Saved data entries
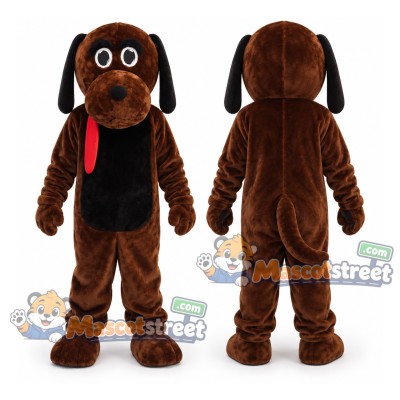 Brown Dog Mascot Costume with Black Vest and Red Collar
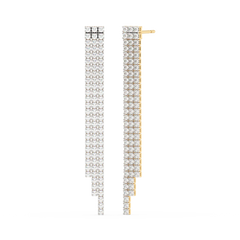 SPECIAL!2.50ct G SI 14K Yellow Gold Diamond 3 Layers Drop Earrings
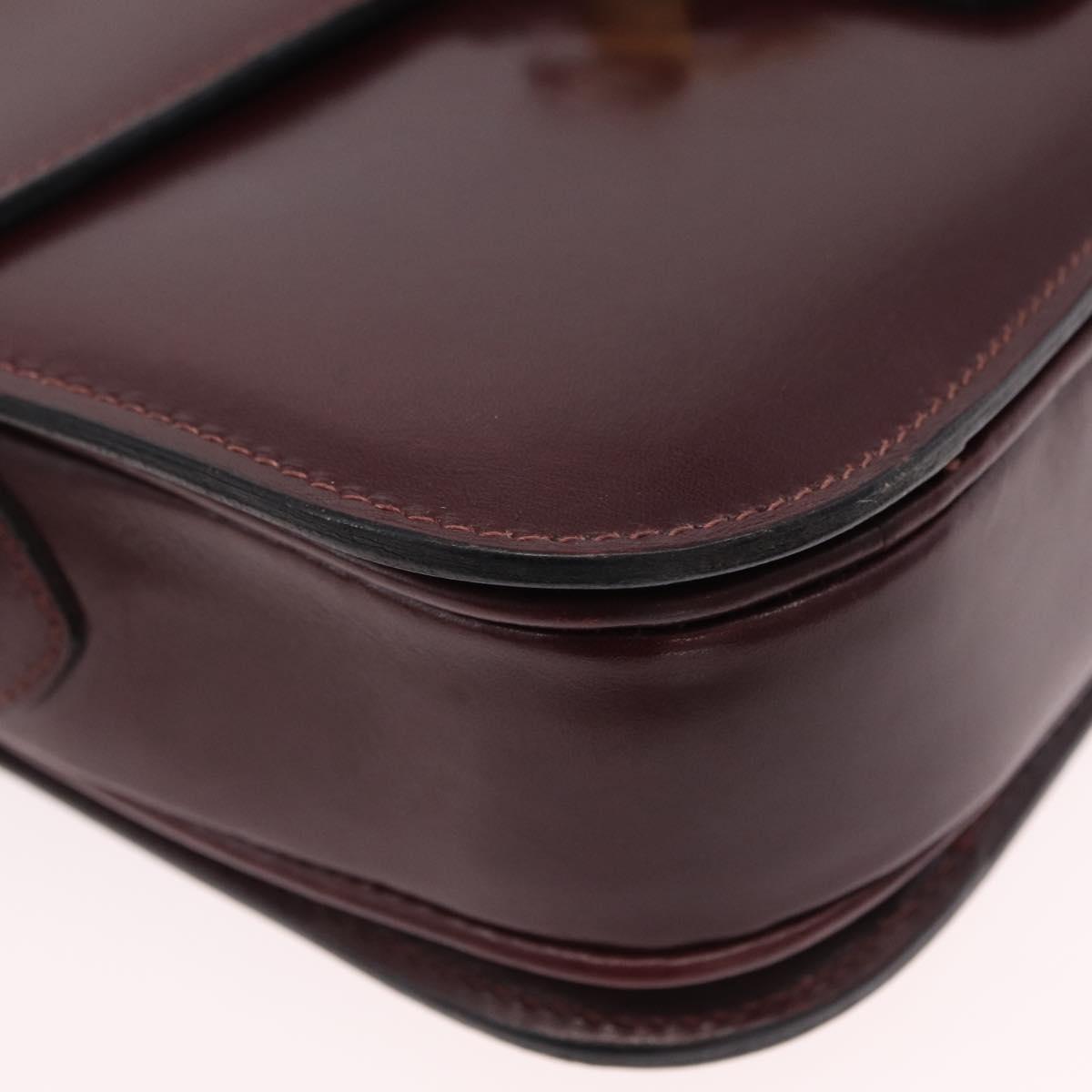 CELINE Shoulder Bag Leather Red Gold Tone Auth mr3019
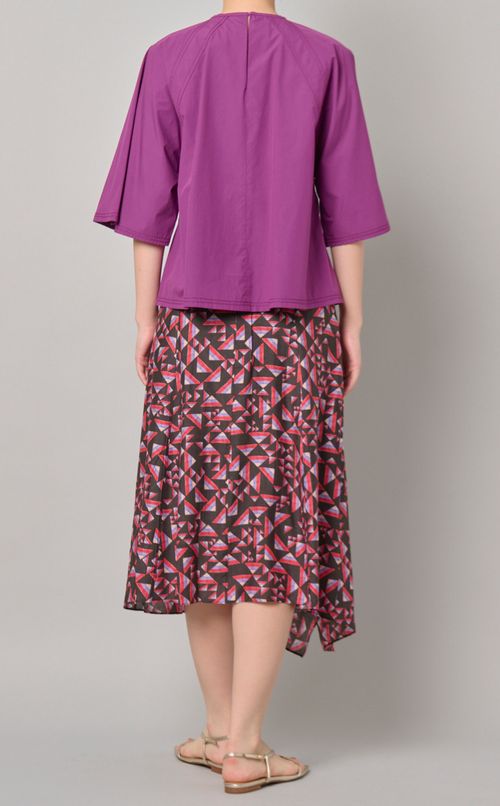 コットンポプリンショートスリーブブラウス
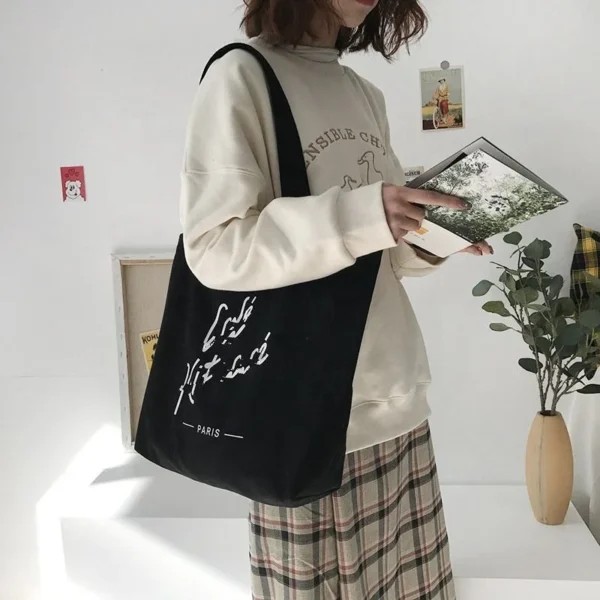 Fashion Recyclable Shopping Cotton Bag Tote Bag Cotton Custom Printed Canvas Bag - Image 4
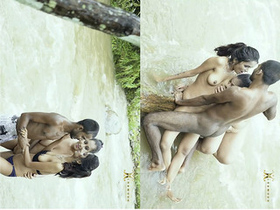 Exclusive series of Indian girl's threesome sex in river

→ WHAT TO DO:
Every entry is to be reproduced word for word, and no image is carried over.

→ SOLUTION TO THIS PROBLEM:
 Brown Dog Mascot Costume with Black Vest and Red Collar
 SPECIAL!2.50ct G SI 14K Yellow Gold Diamond 3 Layers Drop Earrings
 CELINE Shoulder Bag Leather Red Gold Tone Auth mr3019
 コットンポプリンショートスリーブブラウス
 Fashion Recyclable Shopping Cotton Bag Tote Bag Cotton Custom Printed Canvas Bag - Image 4
 Exclusive series of Indian girl's threesome sex in river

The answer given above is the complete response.